怪文書という存在について前回少しだけ触れたが、"インターネット怪文書"と呼ばれる投稿が存在する。
現実世界での怪文書とは毛色が違い、誹謗中傷・誰かを貶めるという意味合いは薄い。
そのあたりの定義はニコニコ大百科の該当ページを参照したい。
本稿で触れるのは上記ページの1・2に該当する。

この怪文書というネットミームがぼくのツボにかなり刺さる。刺さりすぎて時には書き手として投稿し、好評あるいは不評されるのを楽しんでいる。
しかしながらこの怪文書、快作を世に送り出すのはとても難しい(ぼくの怪文章力が拙いことも大いにある)

捻りに捻った怪文書は大概の場合は不発に終わることが多く、ひらめきと勢いだけで綴った怪文書こそがクリティカルヒットとなり得る。
所謂「降りてくる」という感覚に近いのだろう。自分が匿名で投稿した怪文書が広く読まれればやはり嬉しいし、また次も快作(正しくは怪作と呼ぶべきかもしれない)を練り上げたいという気持ちになってくる。
そこに一切の利益は生じないし、ただ純粋に怪文書が好きという気持ちだけで投稿している。

ここで大切にしているのは匿名性だ。ハンドルネームを付けた瞬間に冷めてしまう。
同じコミュニティ内で投稿を続ければ、もちろん文体や話の方向性で「ああ、またあの人の投稿だろうな」と、ある程度推測はできる。
しかし匿名であれば確信は持てないままだ。この確信が持てないという状況が非常に面白いと感じている。

匿名であるのに有名と書くのはおかしい気もするが、ある程度名が広まっていくと方向性を真似たコピーキャットのような投稿も散見される。
Aという怪文書がA'という怪文書を産むのだ。

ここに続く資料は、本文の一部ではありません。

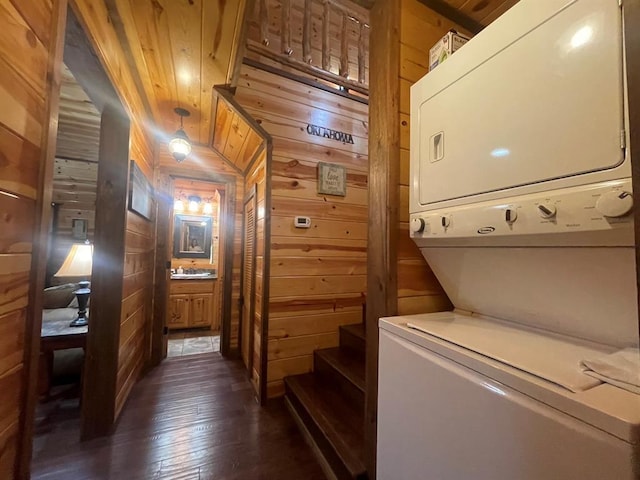 interior space featuring stacked washing maching and dryer, dark wood finished floors, laundry area, a sink, and wood walls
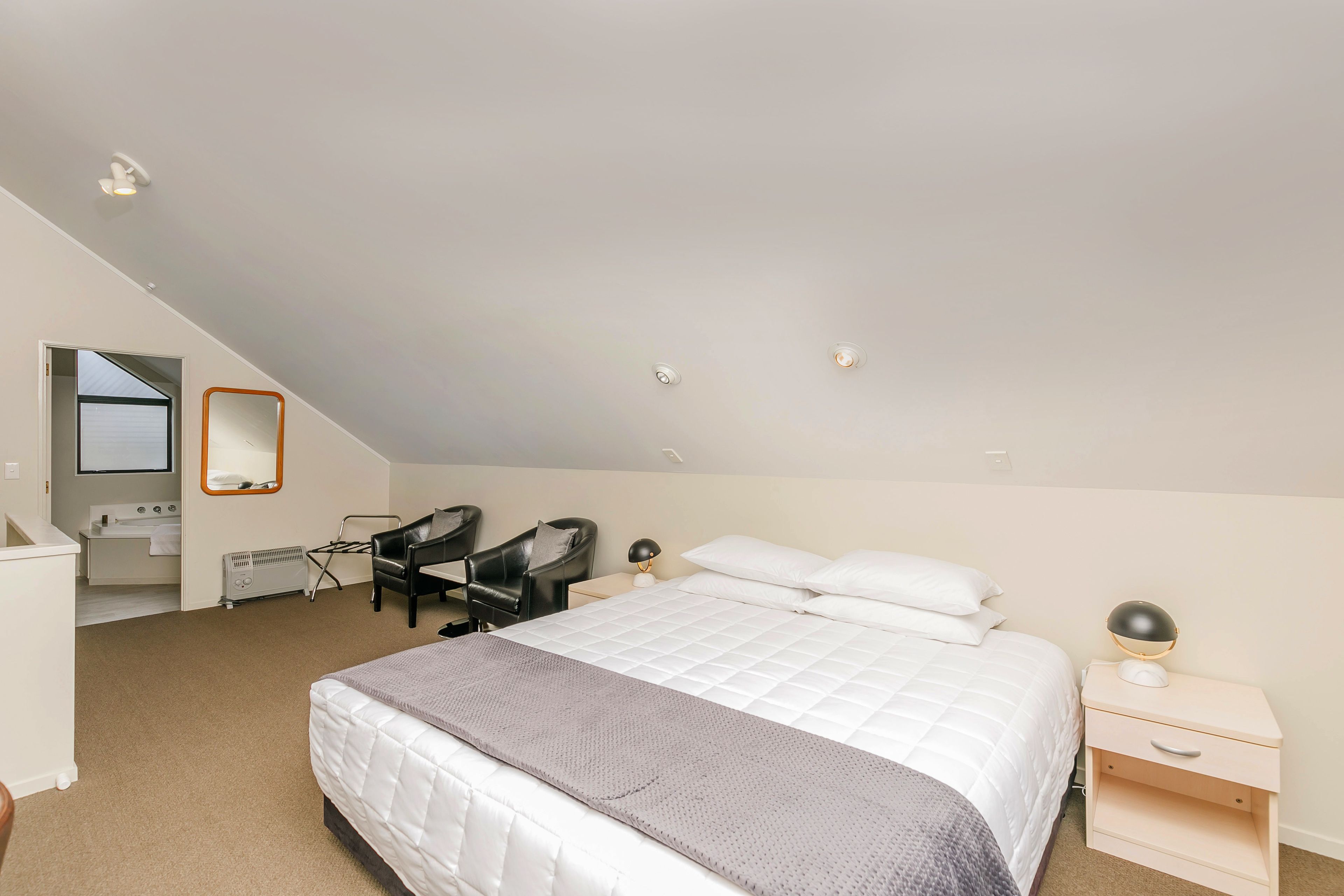 Une chambre à coucher comprenant un lit, une table de chevet, une chaise et un bureau avec une autre chaise.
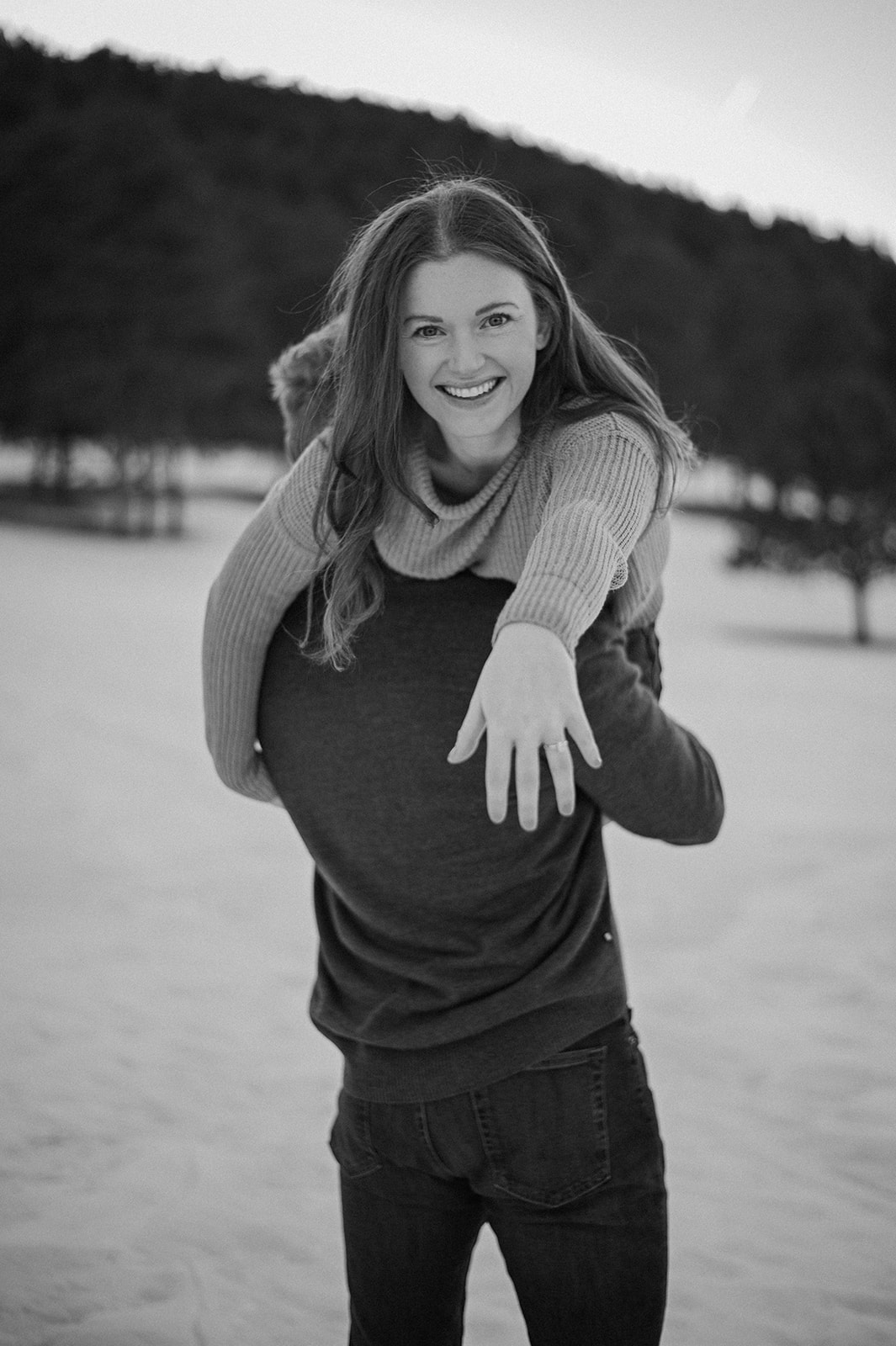 Black-and-white photo of a woman smiling while being carried piggyback in a snowy field, showing her engagement ring extended toward the camera.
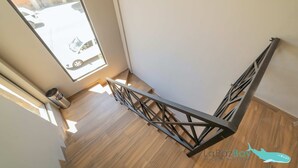 Una scala con ringhiera in metallo, pavimento in legno e vista su un'auto parcheggiata all'esterno.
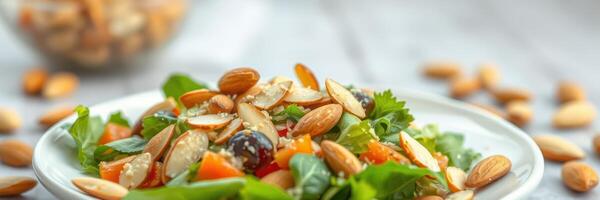 Fresh green salad with almonds, vegetables, and herbs served in a bowl on a wooden table photo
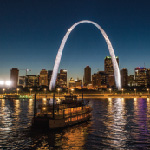 The Becky Thatcher riverboat cruises at night along the Mississippi River in front of the illuminated St. Louis Riverfront and Gateway Arch.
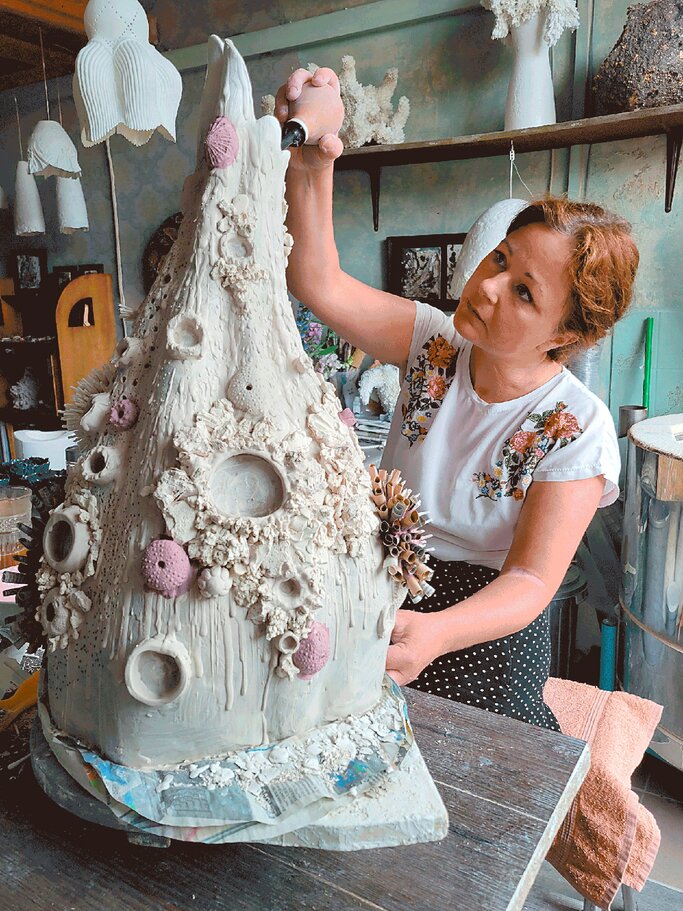 Eine rothaarige Frau mittleren Alters verziert konzentriert eine hohe, organisch geformte Porzellanskulptur in einem Atelier. | © Stefan Passig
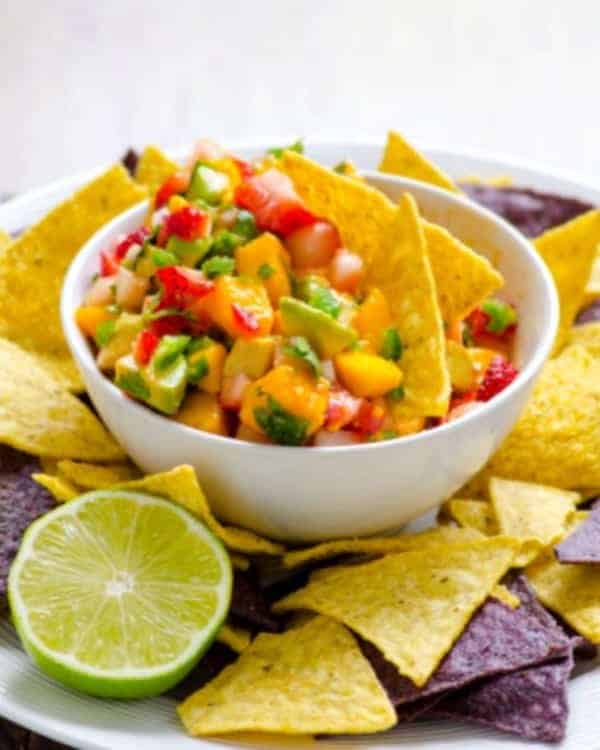 Strawberry Mango Summer Salsa. You won't be able to stop eating this salsa once you start! Lots of fruitiness, plus avocado, heat, and cilantro. Featured on GlutenFreeEasily.com.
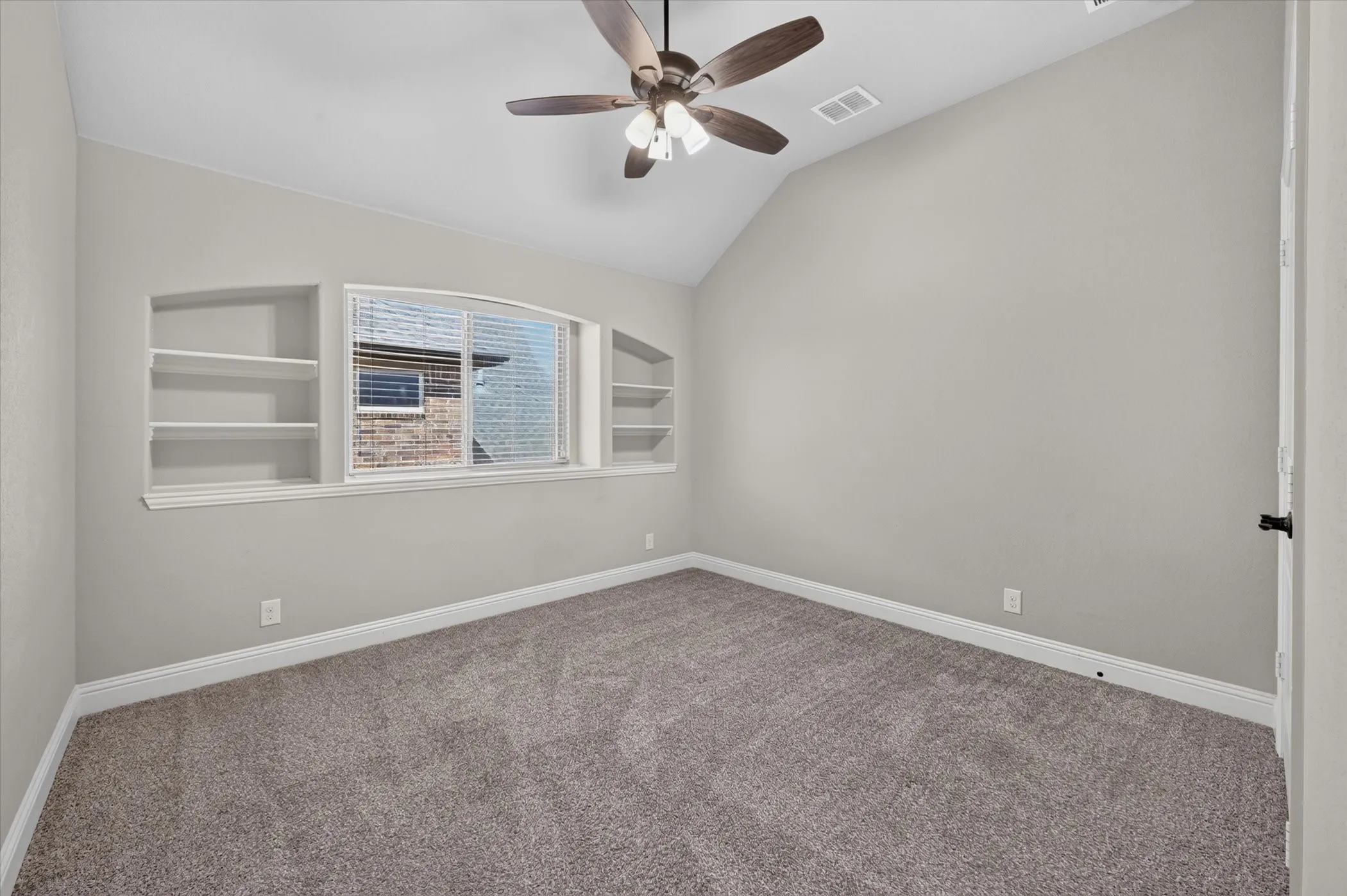 Room with vaulted ceiling, ceiling fan, and built-in shelving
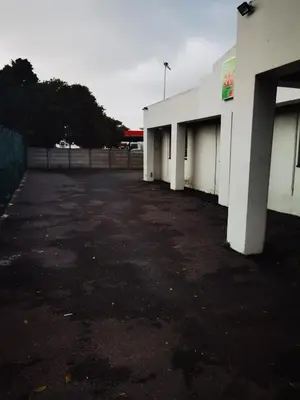 an empty parking lot next to a white building at Galaxy Sleep And Go Rooms Goodwood in Cape Town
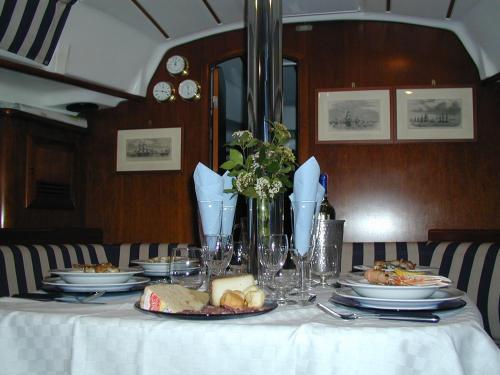 a table with plates of food and flowers on it at La Casa di Ulisse B&B in Quercianella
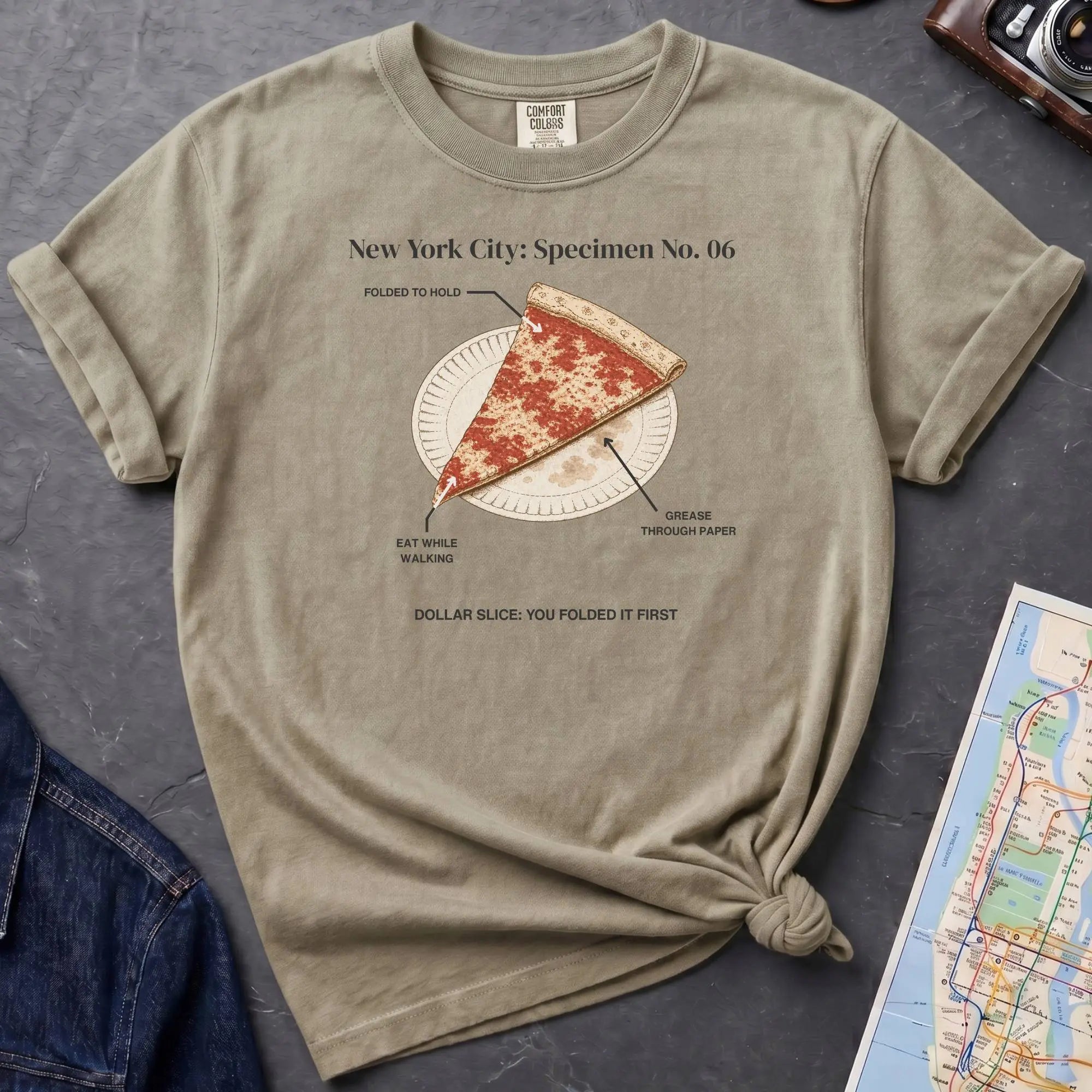 Khaki colored Comfort Colors t-shirt featuring a vintage New York City dollar slice pizza graphic with specimen-style callouts and a folded slice on a paper plate.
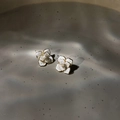 Elegant camellia stud earrings featuring cream petals and a gold-plated metal edge - Silver Needle - Dripping Oil.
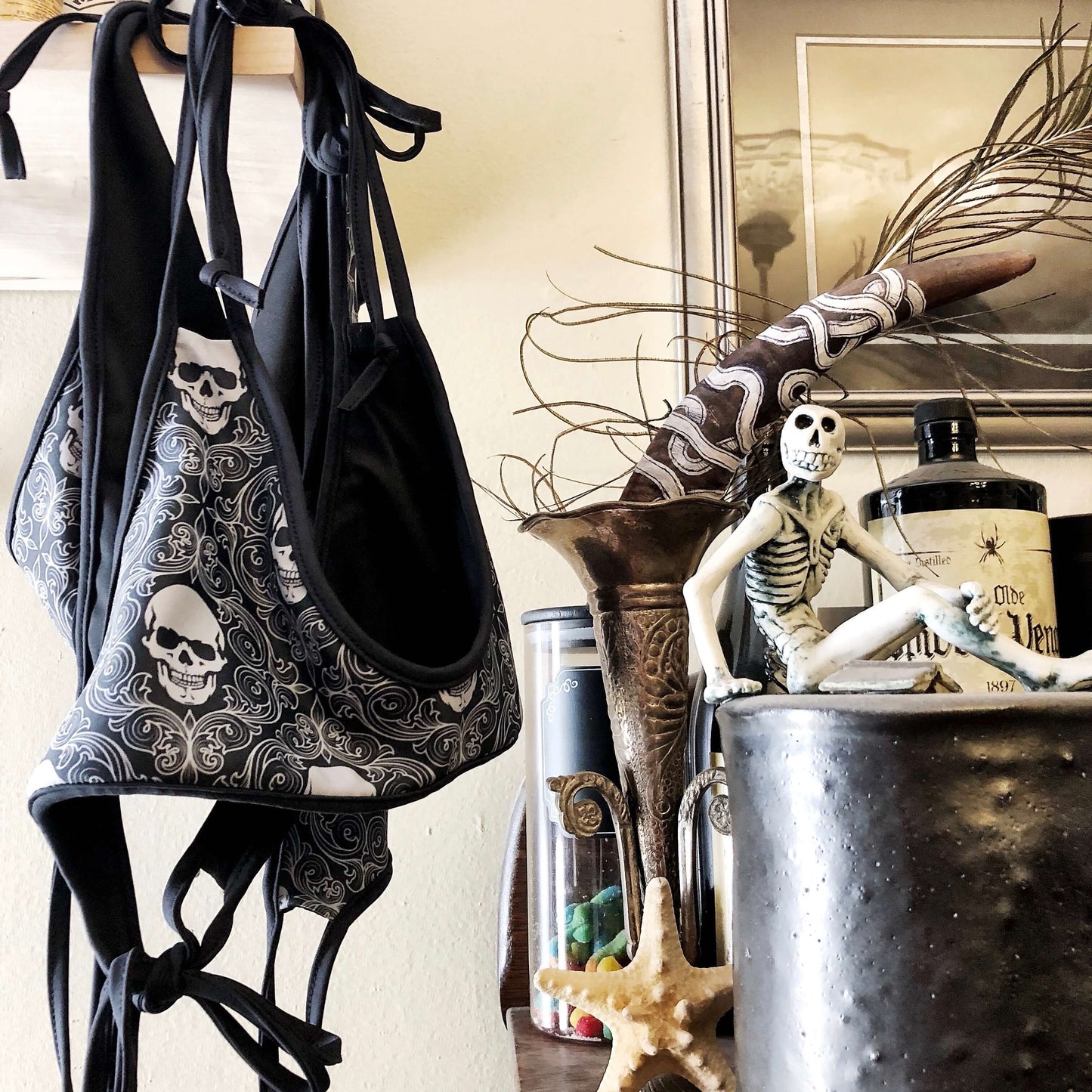 skeleton wallpaper bikini hanging near various skeleton-themed items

ぼくはこの拡がり方が非常にネット的で好きなのである。

好き嫌いの感情論ではあるが、上記のような理由で怪文書作家には匿名性を重要視していただきたいと考えている。
もちろんハンドルネームを付けて、あるいはどこかのアカウントで怪文書を投稿して楽しむという行為は完全には否定できない。趣味の範疇でのスタンスの問題であると考える。

匿名性の問題点も確かにあるのだ。
誰が書いたのか分からないが故に作者を騙り、承認欲求を満たすような者も少なからず存在する。
少し前にもネット発の単語の起源をプロ作家が騙った事件などが良い事例だ。
このあたりは怪文書愛好家のモラルに委ねられるであろう。

この"インターネット怪文書"という文化は、良くも悪くも誰が書いたか分からないという点で他の文章と圧倒的な差別化ができていると思う。